Deep Learning in Python With PyTorch - Tutorial and Demo

- Programming, Mathematics

Medusa in fiery scenery

As I am continuing my personal journey into deep learning research and development, I wanted to try out PyTorch, a machine learning framework with GPU acceleration primarily designed for the Python programming language. However, I couldn't find any good introductory resource online for it.

So I read all of PyTorch's documentation, made my own basic working model from scratch, and figured it would be a good idea to share it with the world so others don't struggle like I did!

If you are not familiar with the principles and mathematics of deep learning, I highly suggest you refer to How to Simulate Human Intuition, my original blog post on the subject. The implementation I will be showcasing below will match almost perfectly the model I presented in it, so feel free to take a look at it if you stumble on a foreign concept or something unclear.

Similarly, if you are not familiar with Python or programming in general, you can find a great beginner's guide on the Python Wiki.

And with that, let's get started!

Basic concepts


The most important PyTorch class is torch.Tensor. As the name implies, instances of this class represent a mathematical tensor, specifically an array of numbers of arbitrary dimensions. PyTorch supports a wide variety of data types that can be embedded in them, and it is also possible to configure them to be handled by a CPU or a GPU. By default, tensors are CPU-based and store 32-bit floating point data.

Once instantiated, PyTorch tensors can be used just like normal mathematical tensors, and PyTorch natively support a wide variety of common mathematical operations for this purpose.

One of the greatest strengths of a PyTorch tensor is that it can record operations on returned tensors to calculate a gradient later during backward propagation.
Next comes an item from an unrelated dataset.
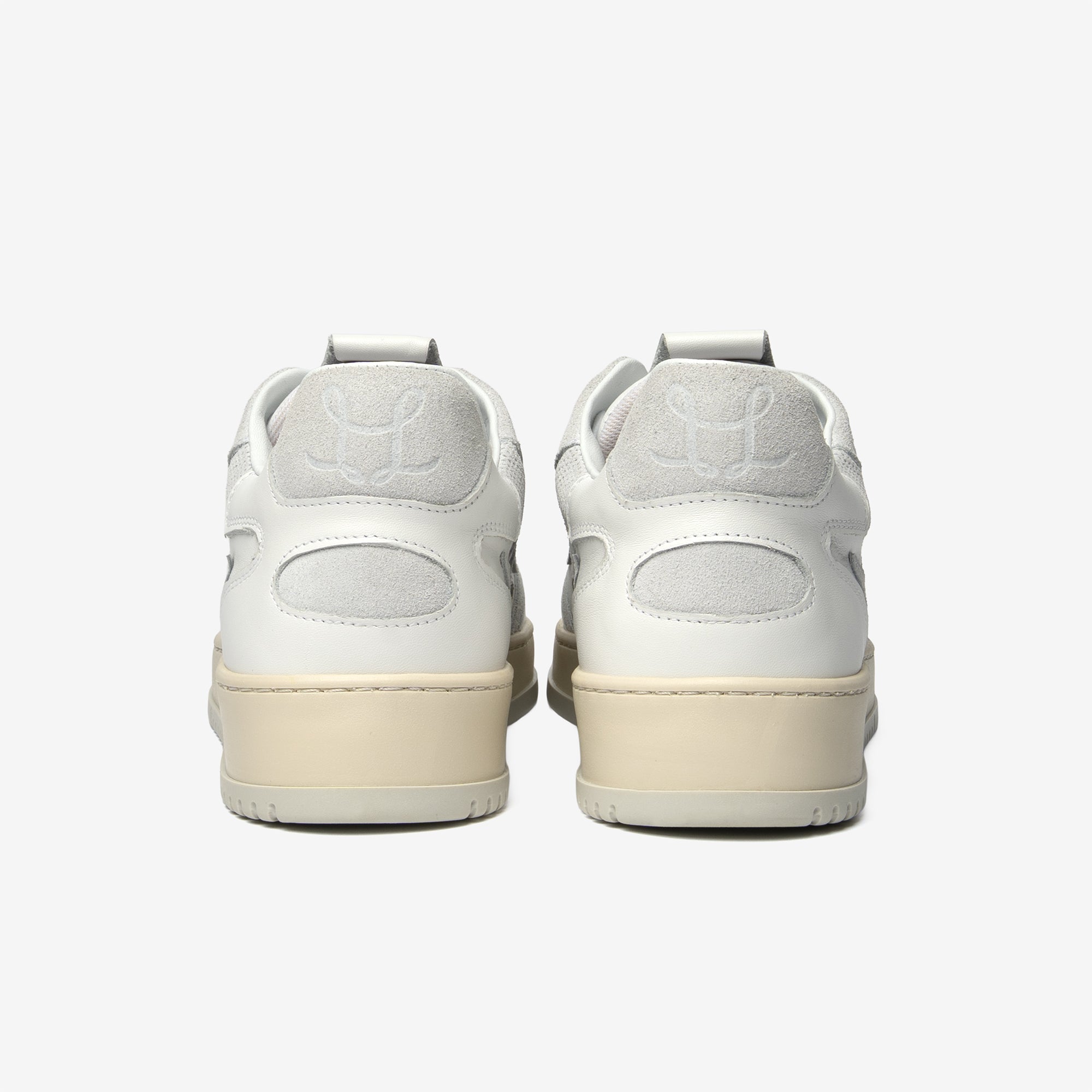 PRE ORDER - Low Top - Rivo - White/Beige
The computed gradient is then available for retrieval through the tensor object itself.

Creating and using tensors

The base torch package contains various constructor and mathematical operator functions for PyTorch tensors.

In general, PyTorch tensors are constructed using the torch.tensor() function, which should not be confused with the torch.Tensor class.

Neural networks

Neural networks in PyTorch are designed to be custom classes that inherit the base class torch.nn.Module. The programmer should define the structure of the model of the network in the constructor of the custom subclass, then override its forward() method with the mathematical operations to apply in order to compute the simulated output from a normal input.

Loss functions

Predefined loss functions are defined in the torch.nn package, among other things.
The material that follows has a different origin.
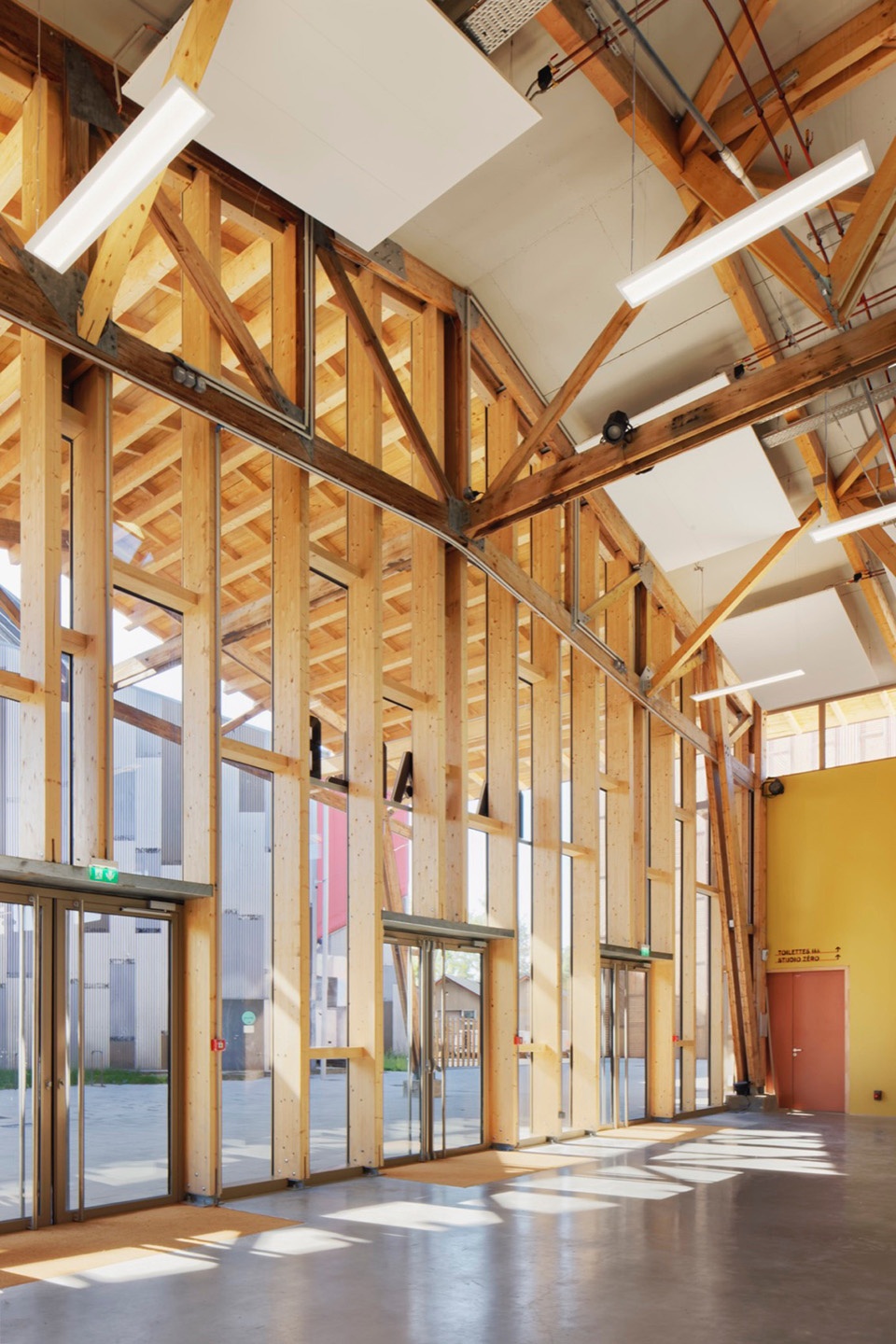 Restructuring and Extension of the Académie Fratellini by Atelier du Pont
The torch.optim package contains a bunch of predefined optimization algorithms that perform backward propagation. Since prefect gradient descent is pretty much impossible due to the resources that would be required to do so, several approximations are included.
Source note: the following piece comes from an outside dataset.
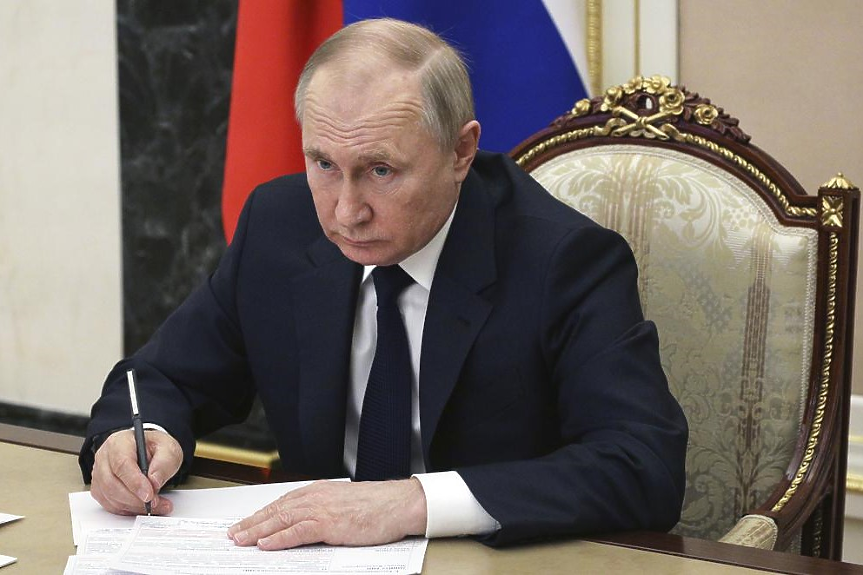 ДЕНЯТ В НЯКОЛКО РЕДА: Генерал Путин забранил изтеглянето от Херсон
The torch.nn.Parameter class is a subclass of torch.Tensor. It behaves pretty much the same as a normal PyTorch tensor, except that they are designed to be stored as attributes in a torch.nn.Module for easy retrieval by PyTorch optimizers.


I believe that the best way to learn PyTorch beyond its basic concepts is to have a functional demo with plenty of annotations, so that's what I did! It's not the best model ever, but it is relatively simple to understand.

I am releasing the code below under the MIT No Attribution License, and it has been verified to run correctly with Python 3.8.6 and PyTorch 1.8.1 for CUDA 10.2 on Windows. It should take less than 5 minutes to complete on a modern computer. You can find a downloadable version here:

Note that GPU acceleration is disabled by default. In fact, I experienced worse performance with GPU acceleration enabled on my machine than with CPU only!

While reading the source code of this demo, feel free to refer to PyTorch's documentation for more details about any unclear references to the torch package that I'm using.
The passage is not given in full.